E o problema não se restringe aos profissionais com formação universitária. O mesmo acontece com o nível técnico e com profissionais operacionais. Todo o desenvolvimento tecnológico que busca inovar no caminho da sustentabilidade cria a necessidade de novas capacitações que não são atendidas, e lacuna só tende a crescer. Mas isso não é de se admirar em um país que parece não gostar muito dos professores, a julgar pelos salários que recebem.

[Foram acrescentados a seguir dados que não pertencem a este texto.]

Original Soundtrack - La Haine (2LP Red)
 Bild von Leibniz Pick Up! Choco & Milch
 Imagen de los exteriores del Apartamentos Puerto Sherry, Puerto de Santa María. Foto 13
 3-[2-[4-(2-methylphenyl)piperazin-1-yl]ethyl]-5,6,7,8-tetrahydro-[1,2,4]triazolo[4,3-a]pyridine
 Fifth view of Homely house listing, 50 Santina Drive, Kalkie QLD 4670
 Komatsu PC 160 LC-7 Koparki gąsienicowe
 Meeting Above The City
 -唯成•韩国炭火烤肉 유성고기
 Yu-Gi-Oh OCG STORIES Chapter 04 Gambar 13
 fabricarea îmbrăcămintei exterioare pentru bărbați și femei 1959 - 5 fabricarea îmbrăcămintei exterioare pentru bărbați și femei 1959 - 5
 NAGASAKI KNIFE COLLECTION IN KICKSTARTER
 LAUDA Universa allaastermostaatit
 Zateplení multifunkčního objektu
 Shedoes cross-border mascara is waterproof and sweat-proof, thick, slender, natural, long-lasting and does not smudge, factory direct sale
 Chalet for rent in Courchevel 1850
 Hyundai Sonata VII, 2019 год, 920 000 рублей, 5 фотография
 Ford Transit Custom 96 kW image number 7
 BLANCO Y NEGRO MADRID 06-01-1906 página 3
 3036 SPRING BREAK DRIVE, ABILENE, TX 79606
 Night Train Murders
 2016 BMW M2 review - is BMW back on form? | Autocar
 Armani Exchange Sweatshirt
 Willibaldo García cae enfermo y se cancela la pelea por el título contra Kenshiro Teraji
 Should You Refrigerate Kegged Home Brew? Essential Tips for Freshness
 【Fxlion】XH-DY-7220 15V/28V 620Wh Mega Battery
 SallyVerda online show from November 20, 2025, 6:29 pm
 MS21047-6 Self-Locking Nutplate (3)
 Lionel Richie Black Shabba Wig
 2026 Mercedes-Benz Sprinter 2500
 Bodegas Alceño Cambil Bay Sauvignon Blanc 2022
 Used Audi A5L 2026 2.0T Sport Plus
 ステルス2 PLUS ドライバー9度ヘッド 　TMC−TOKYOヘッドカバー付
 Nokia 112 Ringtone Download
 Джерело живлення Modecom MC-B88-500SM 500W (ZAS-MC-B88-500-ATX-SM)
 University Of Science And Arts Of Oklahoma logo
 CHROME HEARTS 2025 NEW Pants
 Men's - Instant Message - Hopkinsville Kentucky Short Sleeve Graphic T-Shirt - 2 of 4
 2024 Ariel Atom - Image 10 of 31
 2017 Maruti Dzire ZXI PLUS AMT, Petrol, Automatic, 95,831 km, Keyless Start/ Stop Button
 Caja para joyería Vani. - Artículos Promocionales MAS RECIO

Todo o movimento feito no país na direção da inovação e da sustentabilidade, que deverão sustentar a já famosa transição energética, para ter sucesso, precisará ser acompanhado por um esforço gigantesco no caminho da formação educacional, técnica e profissional dos brasileiros. Tanto dos profissionais que já estão no mercado de trabalho, quanto daqueles que não conseguem sua vaga por falta de qualificação, além, claro, dos jovens, que logo, logo chegarão lá. É um esforço que deve partir tanto do setor público quanto do setor privado. E já estamos muito atrasados!!

Sem educação e formação profissional, não faz diferença se o caminho da transição energética passa pelo gás natural ou vai direto para a queima de biomassas; se o carro do futuro será elétrico ou não. Sem educação e formação profissional, nós vamos assistir, quem sabe de camarote, ao desfile da inovação e da sustentabilidade sendo conduzidas por empresas e países longe de nós, enquanto continuamos exportando commodities.

Antes da transição energética precisamos passar por uma transição de educação, formação e capacitação profisisonal para que possamos, no mínimo, acompanhar as mudanças tecnológicas que estão acontecendo no planeta. Mas se formos bons (e temos capacidade pra isso) nessa transição, quem sabe poderemos não apenas acompanhar, mas liderar a transição energética que o país e o planeta estão desenhando.